Long-term guarantees and volatility adjustments

These were the final part of the Solvency II package to be agreed. Indeed, they were so contentious that agreement was contingent on a commitment to review after a few years.

Wray said: “One reason for this is that the provision of long-term guarantees is, in itself, a sensitive subject but they are also financially important as well.

“If you look at the long-term guarantee measures, matching adjustment VA and so on - if you aggregate their technical provisions it is something like 74 per cent of all technical provisions in the EU.

"The provision of long-term guarantees is, in itself, a sensitive subject."

“In other words, these measures make a huge part of the market and they make a huge difference to the financial position of the insurers who use them.”

EIPOA has not come to any conclusions on this issue so far, and is very much in the fact-finding stage, however, Wray explained that EIPOA will definitely be making recommendations to change the rules around extrapolation that will be particularly significant for the Eurozone.

Volatility adjustment is another measure that is facing regulatory scrutiny.

“We will look at both and see what stakeholders say."

Wray said: “We were asked to look at two different approaches to the VA, one puts a greater separation between the economic rationale for the VA and the mitigation of sudden changes in spreads and the other approach is to say that rather than having a single VA per country and per currency that you do it on an undertaking specific basis.

“We will look at both and see what stakeholders say - there are many different ways of cutting the cake.”

Equity risk

On equity risk, when EIPOA looked at the volatility of equity over different periods, it wasn’t clear that there is significantly lower volatility for holding equities over long periods.

Wray said: “We are genuinely interested in what the experience has been on equity holding. We will look at what is there and what the commission has put in its latest delegated regulation on long term equity and we will take it forward from there.”

Risk margin

EIPOA conducted a thorough review of risk margin a couple of years ago and is satisfied that the measures are working as they should to protect policy holders in the event of an insurer needing to transfer its policies.

As a result, EIOPA doesn’t intend to recommend any changes to the regulations, but did say it was open to hearing new views and evidence from members.

"The risk margin is not necessarily overdone and actually
 it does what it is meant to."

Wray said: “We found that if you look at the transfer values, the risk margins and, in particular, the transfer of closed books of businesses so that you have less distortion from things like good will then actually the values are broadly similar and so there is an argument that the risk margin is not necessarily overdone and actually it does what it is meant to.

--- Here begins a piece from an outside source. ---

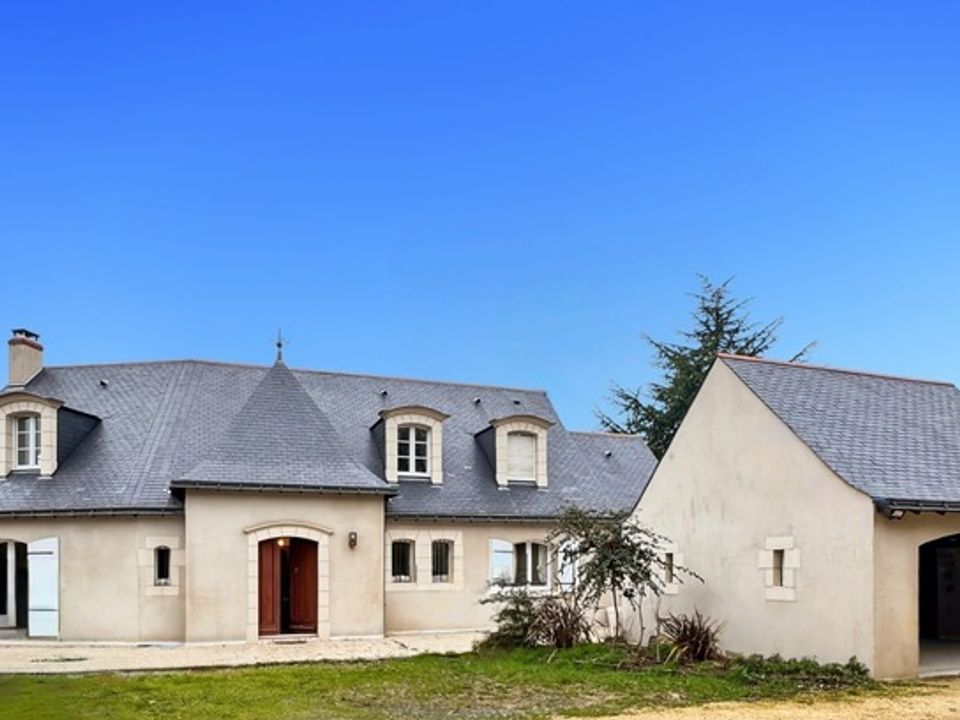 Villa i Mûrs-Erigné, Maine-et-Loire - foto 1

“At this stage we aren’t recommending a change.”

Interest rate risk

When the calibration of interest rate risk was initially set, it was just before the prolonged period of low interest rates that insurers are currently grappling with. Now, EIOPA is reconsidering the measures in light of the new economic normal.

“The ability of the system to cope with very low or negative rates is
limited and events have taken over the calibration."

Wray said: “It is clear to us that if you are seeking to calibrate interest rate risk on the basis of information up to the red line then you are not going to have a reflection of today’s world. You know that Solvency II seeks to capture the 1 in 200-year risks but on interest rates, the reality turned out to be far worse than a 1 in 200-year event.

“The ability of the system to cope with very low or negative rates is limited and events have taken over the calibration and it is EIOPAs firm view that there needs to be a change.”

Macro prudential themes

When it comes to prudence, the impact of insurers collectively in the financial system needs to be taken into account, not just the prudential position of individual firms.

As a result, EIOPA wants to take a more “European approach” and has six principals that it intends to take further.

Wray explains: “On recovery and resolution, and proportionality’s fundamental guiding principles there are significant differences and we aren’t intending to impose a one size fits all.

“We believe that a European network of national insurance
guarantee schemes should be established."

“What is sought is an approach that is proportionate to the issue which is the significant differences that there are in these areas between different members.

“For insurance guarantee schemes, confidence in cross border trade, freedom of services and freedom of establishment will be increased if there is greater confidence in insurance guarantee schemes.

“We believe that a European network of national insurance guarantee schemes should be established across the EU with sufficient harmonisation and funding.”

Next steps

Wray says that EIOPA plans to be consultative on all of the changes it is considering and will be asking insurers to provide a lot of information.

Wray said: “There will be the feedback from consultation, the information requests are ongoing and then there will be this holistic impact assessment.

“The gun was fired in April 2018 and will finish this year. In January. we will put all of these together and start to finalise the proposals.”